Ancora una volta il terreno elettorale si è dimostrato come il più impervio per i comunisti e le forze di sinistra per la costruzione di un campo politico e di una soggettività di classe. Altre devono essere le forme e le strade, se non si vuole correre il rischio di inseguire, elezione dopo elezione (e contenitore politico dopo contenitore politico) il fallimento, foriero di nuove delusioni e diserzioni tra le fila dei militanti. Da dieci anni i comunisti sono fuori dalle istituzioni parlamentari e la diaspora è continuata, nonostante alcuni generosi ed importanti tentativi di ricomposizione. Senza una nuova visione ed uno sguardo lungo, il rischio è quello di una competizione tra le forze esistenti per la contesa dei militanti.
Infine, tra i punti salienti di queste elezioni c’è il fatto che il popolo della sinistra ha votato in massa per il M5S. L’atteggiamento prevalente è quello di considerare questa come una forza “di destra” con la quale non interloquire.
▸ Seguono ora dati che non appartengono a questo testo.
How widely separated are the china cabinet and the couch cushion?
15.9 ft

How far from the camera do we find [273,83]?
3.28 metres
Nulla di più sbagliato: i comunisti devono saper interloquire e lavorare sulle contraddizioni evidenti al suo interno, chiedendo il rispetto dei programmi e degli impegni presi con gli elettori e confrontandosi sui temi strategici della lotta contro l’integrazione euro-atlantica e per la difesa dei ceti popolari.
Mentre scriviamo questo articolo, non è chiaro quale sarà il mandato che il presidente della Repubblica assegnerà per la formazione del governo e quale governo sarà formato. Il quadro è ancora molto instabile.